Vorab: Ich bin kein Hundetrainer! Ich schildere hier unsere Methoden und unseren Alltag, das hat keineswegs Allgemeingültigkeit und kann bei eurem Hund auch der falsche Weg sein oder nicht zu euch passen. Im Zweifelsfall sucht euch professionelle Hilfe.

Ich glaube das Thema Hundebegegnungen ist das Thema bei dem die meisten Hundehalter Probleme haben. Je nach Rasse, Alter und Charakter der Hunde ist das Problem mehr oder weniger ausgeprägt und hat verschiedene Gründe (Stress, Anspannung durch Erwartungen, Aggressionen). Bei uns gab es als Nero jung war, also vor der Pubertät, überhaupt gar keine Probleme. Er war mit jedem Hund total unkompliziert und auch an der Leine konnte man ihn gut an allem vorbeiführen.


Wir haben zu Beginn definitiv den Fehler gemacht, dass Nero Leinenkontakt hatte und auch generell viel zu anderen Hunden durfte, ich wollte ihm Sicherheit geben und ihm zeigen, dass die Welt nicht böse ist. Leider baut das natürlich eine gewisse Erwartungshaltung auf. Wenn ich es anders machen könnte, würde ich definitiv von Tag 1 Kontakt an der Leine komplett unterbinden.
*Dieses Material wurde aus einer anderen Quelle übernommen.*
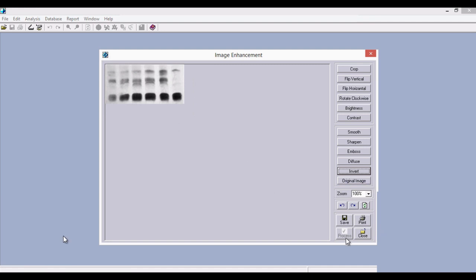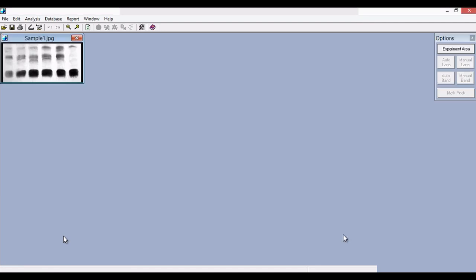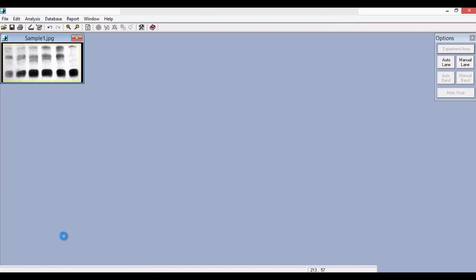After enhancing the image, click on the process button so that the enhanced image is updated. Now we move on to the analysis part. For analyzing, we have to select the experiment area. Click on the experiment area and choose the area. After choosing the experiment area, click on auto lane. You can see that the lanes are automatically detected and numbered 1, 2, 3, 4, 5, 6.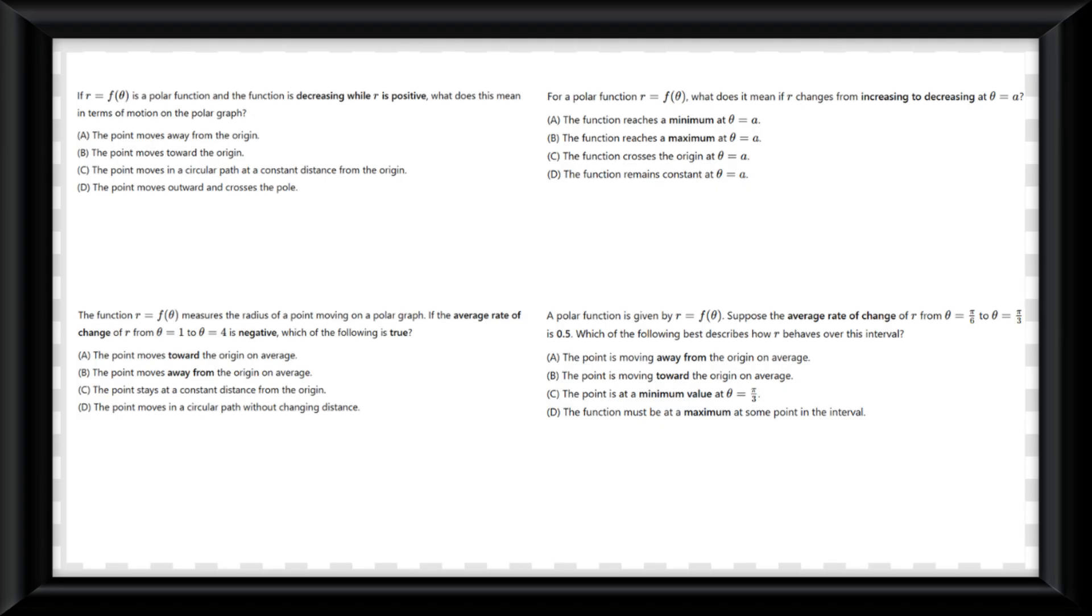And that's it, the last piece of AP Precalculus content. On the screen now are some AP style questions for this topic. And as you answer them, once again, thanks for everything and all of the support for this course. Consider checking out my second channel in the description. But here are your answers.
Jetzt ist das Kind aber in den Brunnen gefallen.


Wenn Nero von anderen Hunden angepöbelt wird hat er interessanterweise oft kein Problem und läuft ruhig weiter. Was ihn definitiv stört ist, wenn andere Hunde ihn anstarren und in der Leine hängen.


Als Basis ist es also auch hier notwendig die Körpersprache zu lesen (z.B. eine wedelnde Rute ist nicht zwangsläufig freundlich), die von meinem Hund und von dem anderen Hund. Dann kann ich mich auf eine Situation einstellen und eingreifen bevor es "eskaliert". Leider sehen andere Hundehalter das aber auch anders und viele wild bellende Hunde werden kaum bis gar nicht korrigiert. So sieht dann wohl Resignation aus.


Wie gehen wir die Sache also an?

  • Ruhe bewahren (leichter gesagt als getan, aber versucht es)

  • Nicht schreien

  • Hundebegegnungen wiederholen, wiederholen, wiederholen

Mir fällt es unglaublich schwer ruhig zu bleiben, weil ich mich schnell über mich selber ärgere. Was mir geholfen hat ist jede Hundebegegnung in meinem Kopf als neue Trainingsmöglichkeit zu sehen. Im Idealfall kennt ihr viele Leute mit Hunden und könnt auch mit denen trainieren.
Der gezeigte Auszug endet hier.